I know I mentioned I am using Python for this but the same principles apply to any language where there are tools available to manipulate and validate XML using a DTD.

So, after conversing with the main developer on the project I got a list of sample URL's and got some details about what fields where required, what ones were optional, and some potential different responses. Next I needed to create some DTD's that act as our validation set. For example, here's a typical response from Balrog:

<updates>
    <update type="minor" displayVersion="50.1.0" appVersion="50.1.0" platformVersion="50.1.0" buildID="20161208153507" detailsURL="https://www.mozilla.org/en-US/firefox/50.1.0/releasenotes/">
        <patch type="complete" URL="http://download.mozilla.org/?product=firefox-50.1.0-complete&os=win64&lang=en-US&force=1" hashFunction="sha512" hashValue="1c2cea9770c814c58058c66ad9f99c678bf1612c8e05960fe415772383c4ab5e293eafef51b8b574307667a880c567d71b0d32c89d2c65dae02f68967991f8f7" size="56892755"/>
        <patch type="partial" URL="http://download.mozilla.org/?product=firefox-50.1.0-partial-50.0.1&os=win64&lang=en-US&force=1" hashFunction="sha512" hashValue="52dab15fb6cbfb3a324a117fb5f1576a0b5947555d1a4535e0f5735a918e817d7c03f5300b3624883758b3a9300a9061a0e190087f1653fef39eb77b81311f69" size="13185929"/>
    </update>
</updates>

(Apologies for the long line lengths)

FYI I used this documentation to figure out what I needed to do to make the DTD work.

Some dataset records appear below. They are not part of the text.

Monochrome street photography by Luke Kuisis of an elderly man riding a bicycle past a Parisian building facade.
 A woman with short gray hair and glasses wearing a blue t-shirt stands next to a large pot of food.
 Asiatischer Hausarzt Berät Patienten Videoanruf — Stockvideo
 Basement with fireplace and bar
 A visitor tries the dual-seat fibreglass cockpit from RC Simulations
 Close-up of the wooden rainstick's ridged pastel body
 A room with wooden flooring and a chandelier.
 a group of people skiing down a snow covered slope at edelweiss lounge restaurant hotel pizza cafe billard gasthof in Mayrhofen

Now, what does the DTD look like?

<!ELEMENT updates (update*) >
<!ELEMENT update (patch+) >
<!ATTLIST update
type CDATA #REQUIRED
displayVersion CDATA #REQUIRED
appVersion CDATA #REQUIRED
platformVersion CDATA #REQUIRED
buildID CDATA #REQUIRED
detailsURL CDATA #IMPLIED
licenseURL CDATA #IMPLIED
showPrompt CDATA #IMPLIED
showNeverForVersion CDATA #IMPLIED
actions CDATA #IMPLIED
openURL CDATA #IMPLIED
notificationUrl CDATA #IMPLIED
alertUrl CDATA #IMPLIED
promptWaitTime CDATA #IMPLIED
backgroundInterval CDATA #IMPLIED >
<!ELEMENT patch (#PCDATA)>
<!ATTLIST patch
type CDATA #REQUIRED
URL CDATA #REQUIRED
hashFunction CDATA #REQUIRED
hashValue CDATA #REQUIRED
size CDATA #REQUIRED >

There is a lot going on in here so let's break it down. This DTD describes the elements and attributes I am expecting to find in this type of response from the service.

  • There needs to be a top element updates
  • It has zero or more update elements (the * indicates that)
  • Each update has a bunch of attributes that are required or optional (that's what #IMPLIED refers to)
  • Each update should have one or more patch elements
  • Each patch element has some required attributes

The Python code for a test is pretty simple. Again, substitute your own preferred tools in your own language of choice.

'''
We're using lxml for the XML parsing and validating
url contains the full URL to the API endpoint
'''
repsonse = requests.get(url)
root = etree.XML(response.text)
# Load our DTD file
f = open('./api-tests/updates.dtd')
dtd = etree.DTD(f)

# Validate the response against the DTD and show the errors if it fails
valid = dtd.validate(root)

if valid:
    assert True
else:
    print(dtd.error_log.filter_from_errors())
    assert False

As a rule I try and find libraries and tools that solve problems for me rather than write my own. In this case, lxml and the use of DTD's was the right choice than my initial thoughts of using XPath to hunt for attributes inside the elements.

Hope this gives you a different perspective on strategies for testing API's.